Even though there are no detectable signs of life and all visible conceptual support has evaporated, we still wait for IFRS to be declared officially dead. While on death watch, Grumpy Old Accountant Anthony Catanach ponders The Great IFRS Swindle: Accountants Scamming Accountants.
First, he tours many of the highlights of the IFRS debate. Columns he’s written along with many of the classics from Accounting Onion (Tom Selling), The Summa (Dave Albrecht), and Miller & Bahnson.
He then mentions that even the EU is having second thoughts. They are pondering making revisions to IFRS. Check out IFRS Foundation chair warns EU against amending IFRS.
What’s most entertaining to me is the allegation is alive and well that there is one, consistent, uniform standard in use everywhere around the world (except by those stick-in-the-mud Americans, of course) and there is no departure therefrom anywhere anyplace.
Think I exaggerate? Consider this:
“It would be easy to inadvertently cross the Rubicon. A tweak here, a failure to endorse there and very quickly you can have standards that are once again incompatible with other parts of the world,” [chairman of the IFRS Foundation Michael] Prada said.

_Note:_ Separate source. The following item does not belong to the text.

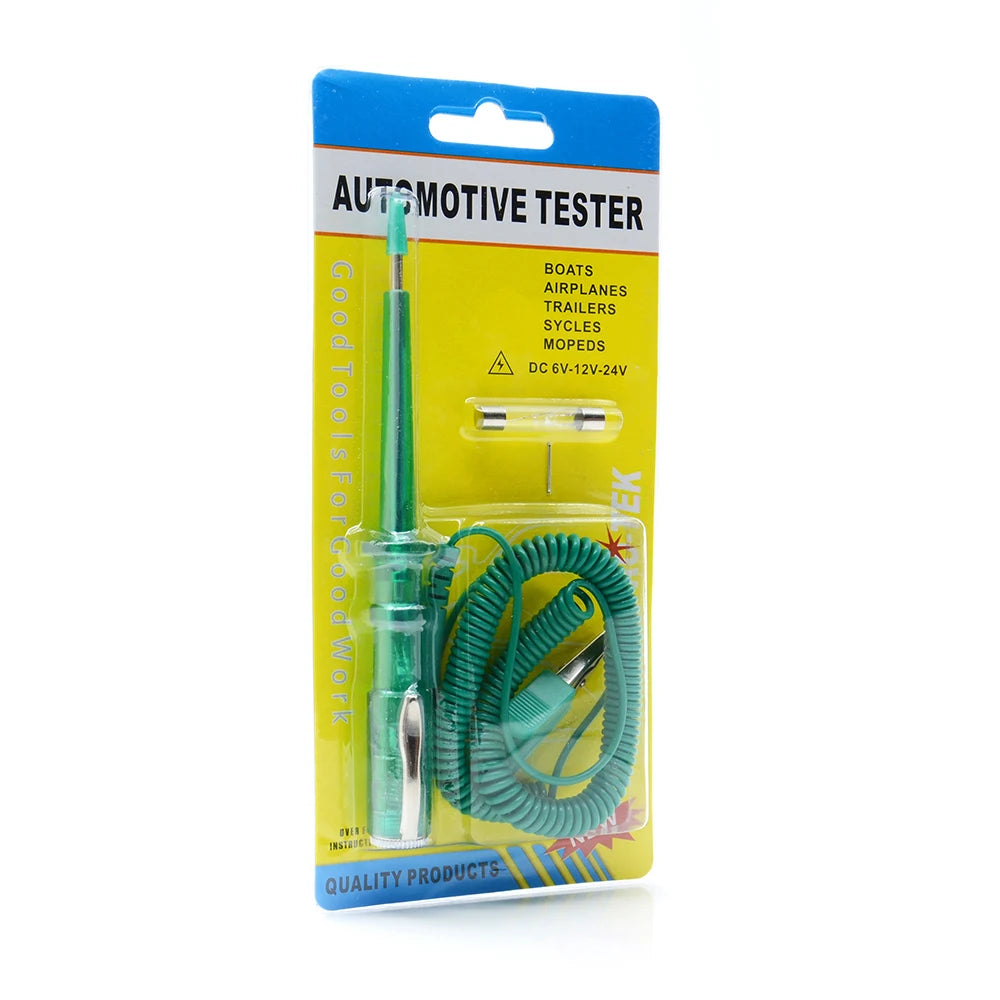 Pluma Tester Voltaje Circuito Universal Auto/Camión con Display Digital y Luz - Accesorio Reparación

“The gains of IFRS in Europe must be protected. Processes can be improved and endorsement systems can be streamlined, but the fundamental premise of Europe’s commitment to IFRS as global standards has to remain intact and undiluted.”
What that means: There are no tweaks currently in place. There are no failures-to-endorse. And we can’t start now.
Actually, how about we already have a separate standard for any country that wants a carve out or doesn’t want any particular rule.
Prof. Grumpy then summarizes how the marketing campaign rolled out to create the demand for IFRS. If you’ve read this far in my post, you’ll want to see his description of the details.
He then develops a list of who paid the price for the artificially created demand. It includes:
- companies electing early adoption incurred costs for something they don’t need and won’t use
- academics and their institutions who developed courses on IFRS that aren’t needed
- teachers who prepared to teach those classes
- opportunity costs of what those in academia could have been researching instead
- students who couldn’t buy a used textbook but instead incurred the extra cost to get a new one because it has a new discussion of IFRS
- cost and time spent by CPA candidates studying material that won’t go into effect (Hmmm. When did the CPA exam go from covering material already in effect to including what may someday go into effect in some subject-to-change form?)
- taxpayers springing for the hard costs and opportunity costs incurred by SEC
- local and regional practitioners studying rules that won’t go into effect
If he got really worked up, he might be able to extend the list.